I am particularly excited about an opportunity to join The Raman Laboratory. Professor Raman's work in phage engineering and the creation of synthetic phages to combat multidrug-resistant (MDR) bacteria aligns closely with my focus on addressing antimicrobial resistance through bioinformatics and phage therapy. I am eager to collaborate with him to explore engineered phages and manipulation of phage-host interactions to develop effective treatments for MDR infections, advancing innovative solutions to the AMR crisis. Wisconsin's strength in bacterial pathogenesis and microbial genomics will enable me to collaborate with faculty on projects that explore microbial genetics and resistance mechanisms, facilitating the identification of therapeutic targets and the design of effective phage therapy protocols. Through this program, I am eager to bridge experimental microbiology with computational analysis and make significant contributions to AMR research.

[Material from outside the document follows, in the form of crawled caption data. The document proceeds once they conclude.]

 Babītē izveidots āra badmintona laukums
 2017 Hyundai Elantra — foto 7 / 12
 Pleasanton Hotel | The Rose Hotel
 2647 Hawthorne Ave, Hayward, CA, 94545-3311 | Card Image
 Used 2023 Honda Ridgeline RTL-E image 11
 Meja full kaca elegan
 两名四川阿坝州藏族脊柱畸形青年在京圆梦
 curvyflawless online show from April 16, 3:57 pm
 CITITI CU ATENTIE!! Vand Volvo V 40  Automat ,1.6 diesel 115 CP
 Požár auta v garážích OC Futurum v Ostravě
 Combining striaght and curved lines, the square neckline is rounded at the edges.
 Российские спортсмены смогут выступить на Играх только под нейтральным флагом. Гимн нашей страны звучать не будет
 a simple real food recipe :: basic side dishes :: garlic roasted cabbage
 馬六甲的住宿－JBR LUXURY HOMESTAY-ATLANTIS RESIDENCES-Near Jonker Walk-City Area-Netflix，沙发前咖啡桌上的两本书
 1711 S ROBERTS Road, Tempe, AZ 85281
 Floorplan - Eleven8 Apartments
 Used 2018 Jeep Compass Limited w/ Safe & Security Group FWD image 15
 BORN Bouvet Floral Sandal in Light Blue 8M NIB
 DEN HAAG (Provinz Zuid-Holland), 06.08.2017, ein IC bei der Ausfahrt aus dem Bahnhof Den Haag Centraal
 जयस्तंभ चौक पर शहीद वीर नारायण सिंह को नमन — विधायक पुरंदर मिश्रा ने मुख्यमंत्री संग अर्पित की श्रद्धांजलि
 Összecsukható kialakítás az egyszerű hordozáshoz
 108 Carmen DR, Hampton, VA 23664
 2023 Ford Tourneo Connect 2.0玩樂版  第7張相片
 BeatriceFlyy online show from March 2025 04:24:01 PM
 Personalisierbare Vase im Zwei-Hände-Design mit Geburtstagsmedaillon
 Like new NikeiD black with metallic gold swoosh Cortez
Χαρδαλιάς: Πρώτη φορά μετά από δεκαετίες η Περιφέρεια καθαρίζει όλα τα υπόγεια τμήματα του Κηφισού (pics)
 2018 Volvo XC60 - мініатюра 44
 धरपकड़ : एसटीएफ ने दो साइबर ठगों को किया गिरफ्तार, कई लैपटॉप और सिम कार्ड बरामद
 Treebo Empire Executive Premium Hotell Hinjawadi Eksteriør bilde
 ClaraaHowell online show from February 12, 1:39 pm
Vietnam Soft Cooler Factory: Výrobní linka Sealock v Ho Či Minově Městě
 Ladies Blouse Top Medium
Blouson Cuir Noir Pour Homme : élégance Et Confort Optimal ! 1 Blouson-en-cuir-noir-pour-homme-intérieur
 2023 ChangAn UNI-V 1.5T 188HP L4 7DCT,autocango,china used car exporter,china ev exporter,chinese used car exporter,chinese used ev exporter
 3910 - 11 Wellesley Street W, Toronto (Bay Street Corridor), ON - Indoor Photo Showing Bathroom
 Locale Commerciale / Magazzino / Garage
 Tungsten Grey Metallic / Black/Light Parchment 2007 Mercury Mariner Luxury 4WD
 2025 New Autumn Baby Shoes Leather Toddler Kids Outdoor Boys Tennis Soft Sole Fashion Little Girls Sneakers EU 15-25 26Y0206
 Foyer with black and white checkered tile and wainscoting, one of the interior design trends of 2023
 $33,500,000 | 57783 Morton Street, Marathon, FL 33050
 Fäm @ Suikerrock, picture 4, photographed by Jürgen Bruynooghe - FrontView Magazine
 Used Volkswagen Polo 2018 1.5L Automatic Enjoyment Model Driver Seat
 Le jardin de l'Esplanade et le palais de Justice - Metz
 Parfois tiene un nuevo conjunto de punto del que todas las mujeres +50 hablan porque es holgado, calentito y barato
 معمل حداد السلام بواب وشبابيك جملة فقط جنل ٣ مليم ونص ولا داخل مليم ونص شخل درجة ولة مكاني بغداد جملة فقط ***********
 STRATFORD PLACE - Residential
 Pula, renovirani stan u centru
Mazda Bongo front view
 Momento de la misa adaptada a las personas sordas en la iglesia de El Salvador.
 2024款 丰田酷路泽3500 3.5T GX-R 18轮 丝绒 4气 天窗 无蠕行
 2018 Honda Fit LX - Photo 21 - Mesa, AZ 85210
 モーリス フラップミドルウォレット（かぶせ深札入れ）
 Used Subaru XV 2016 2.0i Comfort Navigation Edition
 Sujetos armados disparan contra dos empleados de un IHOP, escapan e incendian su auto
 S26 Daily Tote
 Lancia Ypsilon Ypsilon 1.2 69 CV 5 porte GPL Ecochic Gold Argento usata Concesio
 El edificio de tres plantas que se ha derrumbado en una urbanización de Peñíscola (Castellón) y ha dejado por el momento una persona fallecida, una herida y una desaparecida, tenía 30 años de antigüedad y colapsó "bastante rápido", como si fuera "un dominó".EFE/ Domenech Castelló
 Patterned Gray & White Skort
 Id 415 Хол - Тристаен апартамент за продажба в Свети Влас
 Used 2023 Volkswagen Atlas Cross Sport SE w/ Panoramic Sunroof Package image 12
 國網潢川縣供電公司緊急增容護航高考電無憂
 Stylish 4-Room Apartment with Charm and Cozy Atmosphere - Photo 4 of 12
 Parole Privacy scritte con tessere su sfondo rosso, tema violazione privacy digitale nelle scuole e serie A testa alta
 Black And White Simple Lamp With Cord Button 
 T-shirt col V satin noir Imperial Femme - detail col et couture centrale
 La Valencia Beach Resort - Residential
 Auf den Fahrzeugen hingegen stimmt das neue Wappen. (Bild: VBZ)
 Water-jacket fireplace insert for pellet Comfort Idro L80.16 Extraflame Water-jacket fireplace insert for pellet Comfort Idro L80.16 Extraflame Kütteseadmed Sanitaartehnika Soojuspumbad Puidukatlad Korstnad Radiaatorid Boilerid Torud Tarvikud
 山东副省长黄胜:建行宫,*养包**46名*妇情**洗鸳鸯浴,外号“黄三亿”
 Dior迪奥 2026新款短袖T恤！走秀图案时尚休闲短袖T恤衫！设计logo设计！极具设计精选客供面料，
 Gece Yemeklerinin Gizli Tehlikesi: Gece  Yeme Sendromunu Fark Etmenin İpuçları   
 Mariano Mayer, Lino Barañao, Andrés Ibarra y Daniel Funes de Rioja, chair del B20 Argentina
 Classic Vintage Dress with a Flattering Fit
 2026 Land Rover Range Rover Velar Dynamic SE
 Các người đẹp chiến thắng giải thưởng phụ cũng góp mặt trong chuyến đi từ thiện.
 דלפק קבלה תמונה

I am committed to advancing phage therapy as a solution to AMR through the lens of bioinformatics. I believe that by harnessing the power of computational science and data analysis, we can develop the precise, targeted treatments needed to overcome bacterial resistance and save lives. I am determined to be part of the generation of scientists who revolutionize healthcare and bring about real change in the fight against antimicrobial resistance. With your program's support, I am eager to contribute to this important work and take the next steps in my journey towards making a lasting impact on global health.